Should it be objected to the natural talents or the intellectual culture of these men that they were inspired, then the argument is closed; for if inspired, what they testify to is of course true. But if not inspired, though (with one or two exceptions) not men of learning, they must have been able men-abler by far than any civil tribunal requires in witnesses, on whose testimony depend life and death, and other grave interests. Their truthfulness is a separate consideration, hereafter to be examined.. But men who have established in the earth a new religion, which has commanded the confidence and respect of the wisest of the race, and from which the wisest have drawn knowledge as from a divine fountain, were not, they could not have been, "ignorant enthusiasts." We confess, such a defence of the intellectual qualifications of the apostles must to most minds be needless. But not to all. To the skeptic, truth is seen in a disguised form.

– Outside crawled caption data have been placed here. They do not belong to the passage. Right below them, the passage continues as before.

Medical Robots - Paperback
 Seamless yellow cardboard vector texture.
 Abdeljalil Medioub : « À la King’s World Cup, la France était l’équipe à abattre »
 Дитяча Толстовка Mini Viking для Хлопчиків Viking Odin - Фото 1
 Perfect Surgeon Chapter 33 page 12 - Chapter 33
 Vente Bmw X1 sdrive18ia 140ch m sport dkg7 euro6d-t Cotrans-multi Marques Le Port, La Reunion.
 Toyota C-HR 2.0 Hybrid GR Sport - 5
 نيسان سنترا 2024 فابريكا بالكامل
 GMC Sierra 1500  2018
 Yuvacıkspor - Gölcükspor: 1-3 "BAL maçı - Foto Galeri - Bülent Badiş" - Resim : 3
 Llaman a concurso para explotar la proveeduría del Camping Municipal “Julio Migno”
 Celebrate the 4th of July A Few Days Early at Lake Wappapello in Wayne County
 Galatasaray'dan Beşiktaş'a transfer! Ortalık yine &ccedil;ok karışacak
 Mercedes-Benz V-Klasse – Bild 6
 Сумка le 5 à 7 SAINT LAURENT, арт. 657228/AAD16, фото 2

The apostles believed these miracles to be true, and signs of the truth of the gospel; that is, they were honest witnesses.

According to the foregoing reasoning, if the apostles, and we may add, the first converts generally, believed the miracles to be realities, they must have been so. We are reduced, therefore, to this alternative either the miracles were true, or those men testified to a known and deliberate falsehood, and so were base men. The question, therefore, is simple: Were they base men? We have effects, for which causes of sufficient strength and proper in kind are to be assigned. Not only the testimony, but the lives, labors and sacrifices of those disciples of Christ are to be accounted for. If they did not believe their own story, and so were bad men, can we assign any satisfactory reason-motives whose impulsive power could originate and sustain, year after year, such a life-a life replete with sacrifices, and not unrequently with perils?